Due date: 9/28 @ at the beginning of class
Purpose: The goal of this problem set is to reinforce
programming with metafunctions.
Problem 1:
Here are two language definitions for representing finite state machines:
(define-language BASE
(STATE string)
(KEY "A" "B" "C" "D" "E" "F" "G" "H" "I" "J" "K" "L" "M"
"N" "O" "P" "Q" "R" "S" "T" "U" "V" "W" "X" "Y" "Z"
"a" "b" "c" "d" "e" "f" "g" "h" "i" "j" "k" "l" "m"
"n" "o" "p" "q" "r" "s" "t" "u" "v" "w" "x" "y" "z"
"0" "1" "2" "3" "4" "5" "6" "7" "8" "9"))
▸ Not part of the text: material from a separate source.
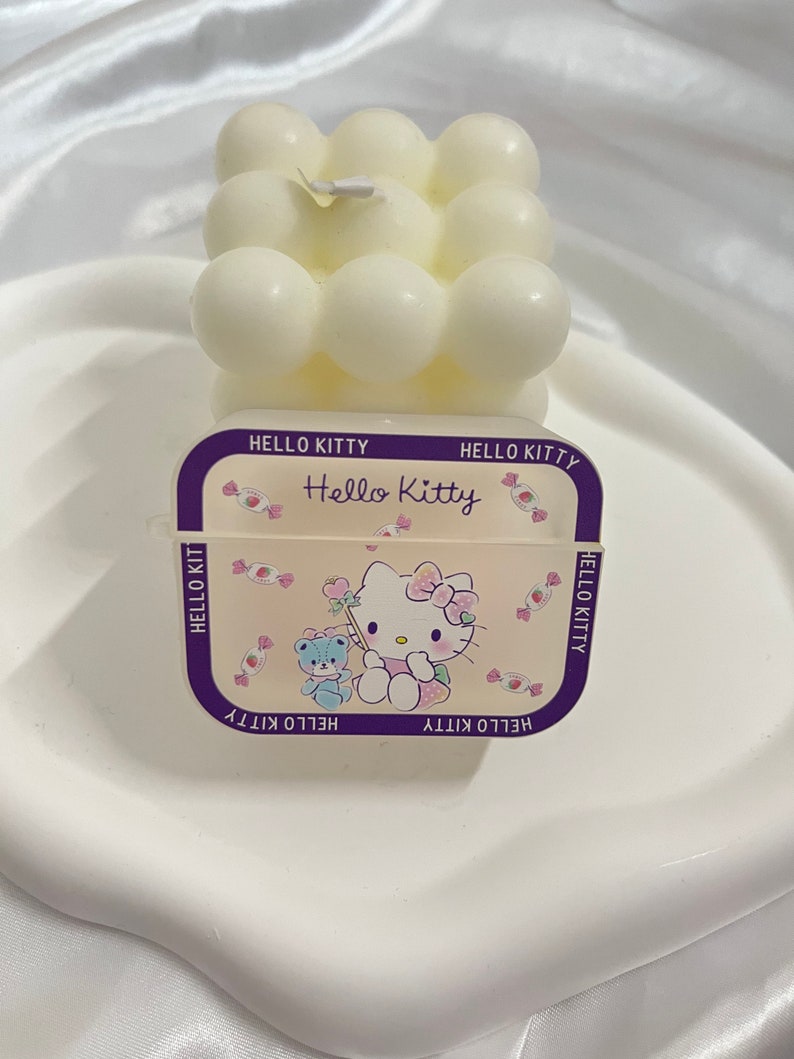 May include: White Hello Kitty candle with a bubble design. The candle is on a white plate and has a Hello Kitty label with a pink and white cartoon image of Hello Kitty.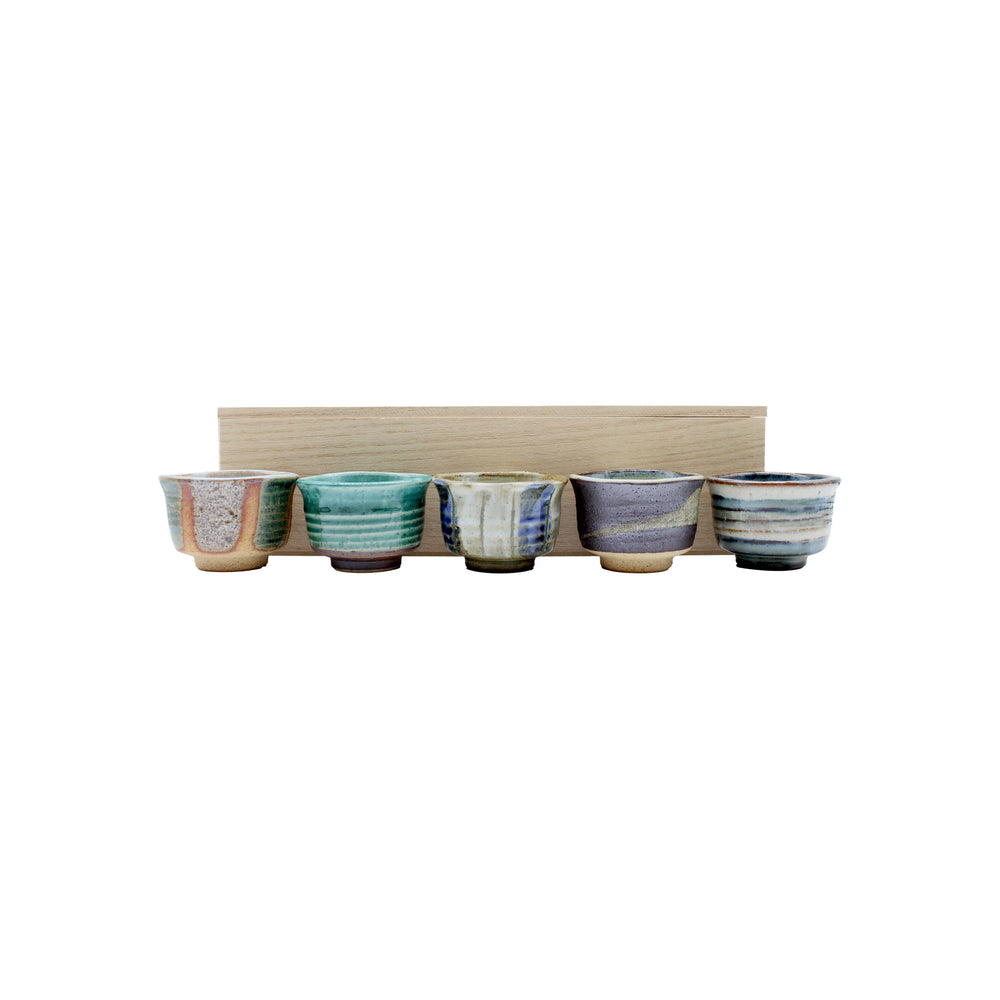 
                  
                    The Ochoko Sake Cups - Set of 5 features five small, multicolored cups arranged before a light wooden box on a white background, reflecting Japanese ceramic tradition.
(define-extended-language FSM-L BASE
(XFSM (fsm ((initial STATE)) FINAL FINAL ... TRANSITION ...))
(FINAL (final ((label STATE))))
(TRANSITION (transition ((current STATE) (next STATE)) ACTION ACTION ...))
(ACTION (action ((key KEY)))))
(define-extended-language TOP FSM-L
(FSM (fsm STATE (STATE STATE ...) ((STATE (KEY KEY ...) STATE) ...))))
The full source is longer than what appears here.